Alla domanda se il Marocco abbia la possibilità di vincere la Coppa del Mondo, Bounou ha risposto: "Diciamoci la verità: ci sono squadre che partono con più favori del pronostico rispetto a noi.
Noi, dal canto nostro, siamo su questo percorso di crescita dal 2022, quindi proviamo a portarlo avanti. Dopo di che, nessuno può sapere fin dove potremo arrivare."
Bounou ha aggiunto: "Sentiamo di essere ancora rispettati, e questo deve darci fiducia. Credo che ci sia una consapevolezza che forse prima, come squadra africana, non percepivamo."
Il Marocco vuole scrivere la storia
Ripensando all’edizione 2022 in Qatar, Bounou, che gioca nell’Al Hilal della Saudi Pro League, ha dichiarato: "Nel 2022 l’atmosfera era davvero incredibile.
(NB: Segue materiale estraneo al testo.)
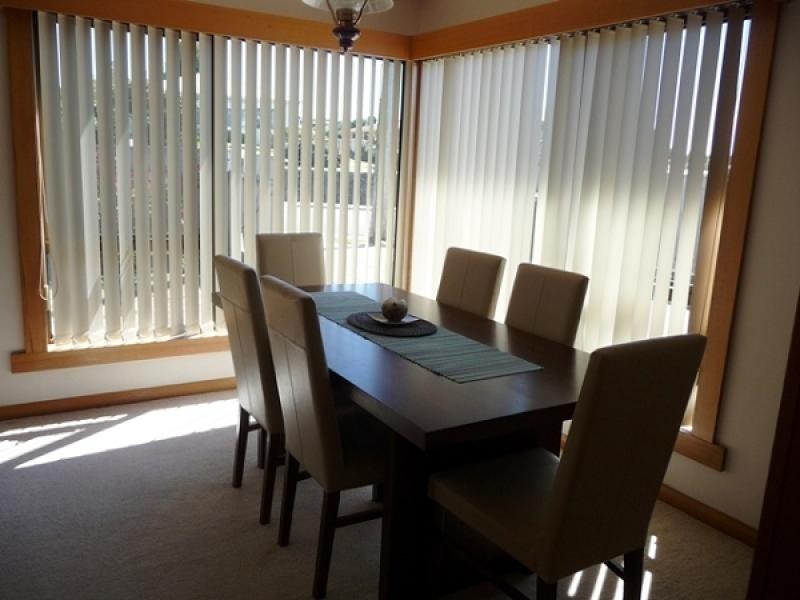 105 West Park Grove, Burnie TAS 7320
Eravamo tutti determinati a lasciare il segno nella storia del calcio marocchino e africano."
Bounou non ha mai abbassato la guardia. Nelle sue ultime 37 presenze con la nazionale, il portiere dell’Al Hilal ha subito solo 14 gol, con una media di 0,37 reti a partita.
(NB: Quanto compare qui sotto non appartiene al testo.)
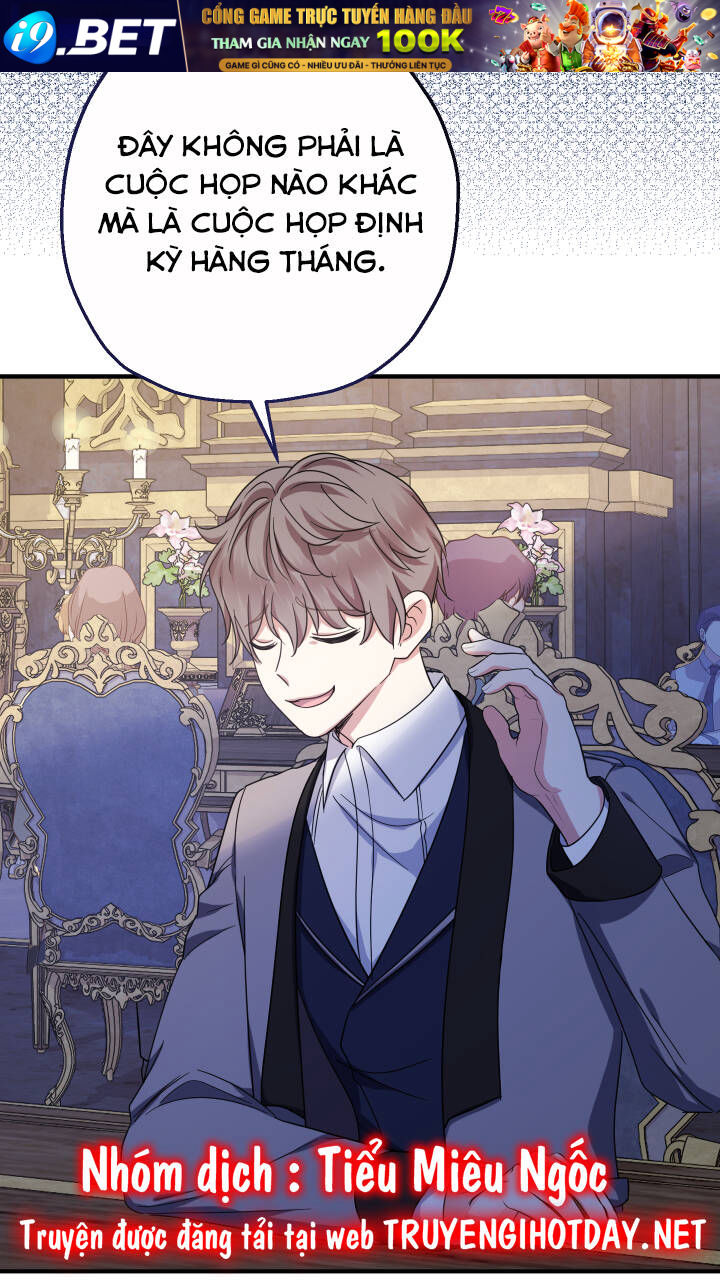 Tiểu Thư Tích Tiền Đi Bụi - Chapter 37 - Page 96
"Probabilmente ora sono un po’ più preparato mentalmente, grazie all’esperienza. Il mio obiettivo principale è affrontare la competizione con vero entusiasmo, dare tutto e, soprattutto, non avere rimpianti," ha dichiarato l’ex portiere del Siviglia.

Bounou ha concluso: "Al Mondiale 2026, il Marocco lascerà ancora una volta il segno nel calcio mondiale.
Sono certo che il popolo marocchino sarà orgoglioso e soddisfatto della squadra. Speriamo di riuscire a fare ancora qualcosa di davvero, davvero grande, proprio come nel 2022."
Il Marocco ha debuttato sulla scena mondiale ai Mondiali del 1970 in Messico. Pur uscendo nella fase a gironi, ha ottenuto un prestigioso pareggio per 1-1 contro la Bulgaria, dimostrando di poter competere con le nazionali più affermate.
Dopo la sfida contro il Brasile, il Marocco affronterà la Scozia al Boston Stadium il 20 giugno prima di chiudere la fase a gironi contro Haiti al Mercedes-Benz Stadium di Atlanta il 25 giugno.